I expect better of you, Mr D, than this sort of "look at me wearing my heart on my sleeve" fatuity.


Too many in the "Times-Mail-Telegraph" nexus seem to think that's it's easy to spot potential terrorists at immigration time.

I wish someone would actually ask them to produce evidence for this assertion, since it seems rather counter-intuitive.

The worst part is that since they are members of the press, they don't get any serious cross-examination.

tom s.

When he was five years old, my son had a great idea. We were sitting in a doctor's waiting room and had been looking at the security camera. He had the idea that you could make a security camera that would only take photos of criminals. I asked him how it would distinguish the criminals from non-criminals (not in so many words) and he said "by their masks".
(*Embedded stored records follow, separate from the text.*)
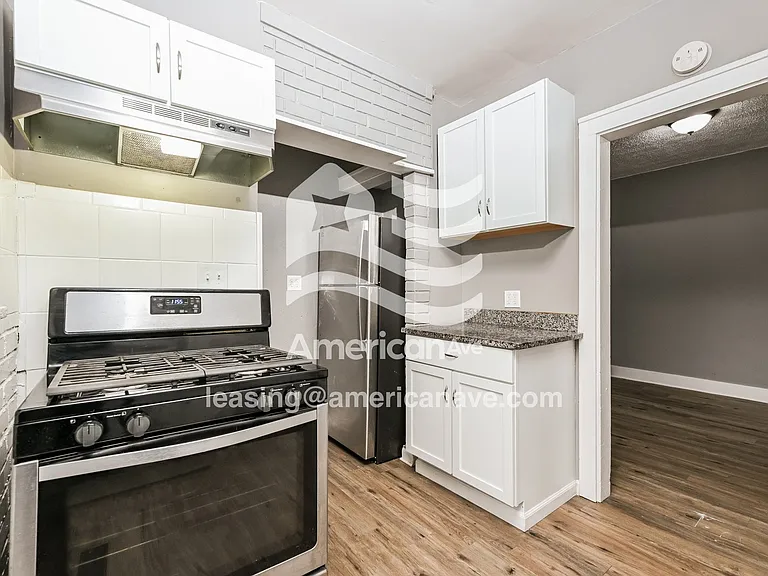 569458_009_kitchen_14387194.jpg
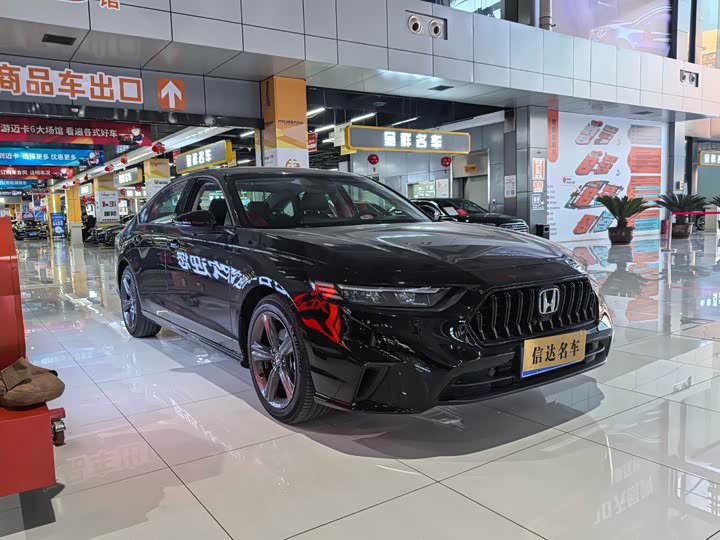 Фото 3 - Honda Inspire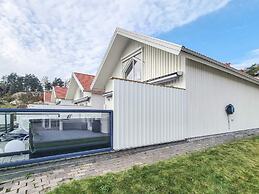 4 Star Holiday Home in Stromstad
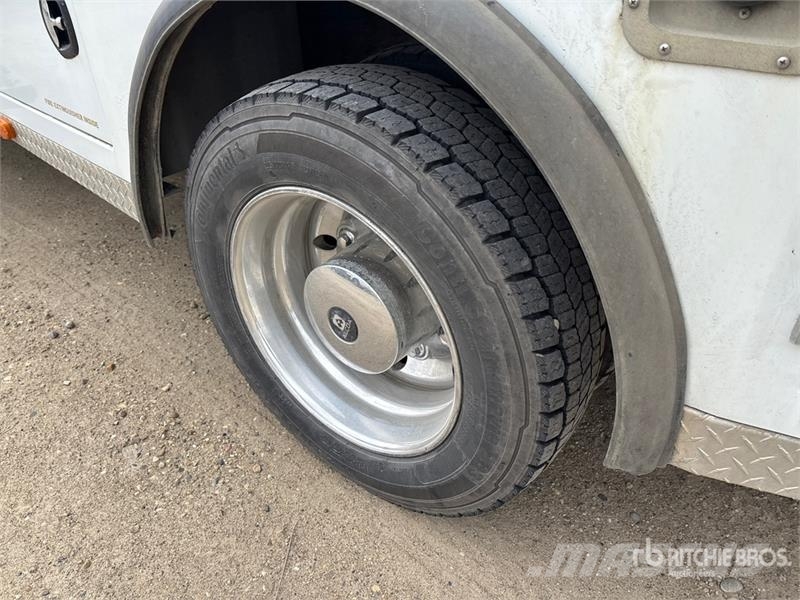Chevrolet C4500 Chariot 4x2 Crew Cab Versatile Hauler Truck Тягачі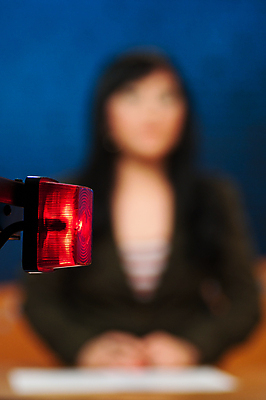 포토 JPG 해외이미지 여자 포즈 통신 정장 사람없음 빛 세트 카메라 모니터 텔레비전 기자 뉴스 연결 마이크 면접 상업 방송 리포터 기어 동영상 설정 격파 생존 해외포토 직업 옷 음향기기 비즈니스 모션 사람 전자제품 컴퓨터 파일형식 이미지허브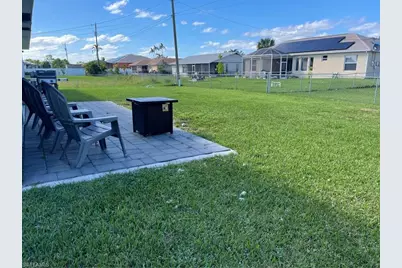 1229 SW 29th Ter, Cape Coral, FL 33914 - Photo 17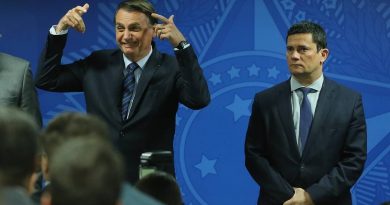 Quem quer desarmar o povo é porque quer o poder absoluto’, diz Bolsonaro Quem quer desarmar o povo é porque quer o poder absoluto’, diz Bolsonaro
We could use the same device to keep out the terrorists.


Thanks for that Chris.
It is at such times such as now that voices of sanity are ever more important.


it might be thought that we have a duty to take large numbers of refugees from Iraq, given that it is largely our fault that the place is such a mess, and that the risk of increasing our own vulnerability to violence (at a fraction of the levels that the Iraqis endure every day) is a sacrifice we ought to be prepared to make, if only to counter the charge that we're playing at consequence-free foreign policy.

Matt Munro

"Too many in the "Times-Mail-Telegraph" nexus seem to think that's it's easy to spot potential terrorists at immigration time."

I think the problem is more subtle than that. In this country we have no border control to speak of. If you don't beleive me check out how many people with non EU passports are asked even a cursory question at the Heathrow arrivals desk - answer, none. Due to lost paperwork I have had more trouble leaving other countries after a 2 week package holiday, than anyone ever seems to get coming into this one to live.
It's not that tighter controls would gurantee terrorists couldn't get in, it's more that the concept of "porous borders" so beloved of the left, creates an environment where someone can come into the country (be they a terrorist, pedo, murderer, whatever) do whatever they wish, and then leave, with no one any the wiser. In an age when my purchases at a supermarket till can be analysed on a database in milliseconds I find it inconceivable that we do not know who is in the country at any given time.
Getting into a country should be time consuming, bureacratic and difficult for anyone not entitled to be there.
Obviously you cannot spot terrorists but that's not an argument for relaxing border controls. That's a bit like saying you can't spot illegal drivers so let's not bother with number plates.

Mark Wadsworth

OK, but would we miss Freema (as delightful as she is) if she were not over here? Methinks not. Plus, we might still have BIlly Piper on the case.


Matt, you have mistakenly confused immigration controls with border controls. Foreign-born doctors do not get into the UK and into jobs with the NHS on the basis of the assessment at the Heathrow arrivals desk. Nor, in fact, do most immigrants.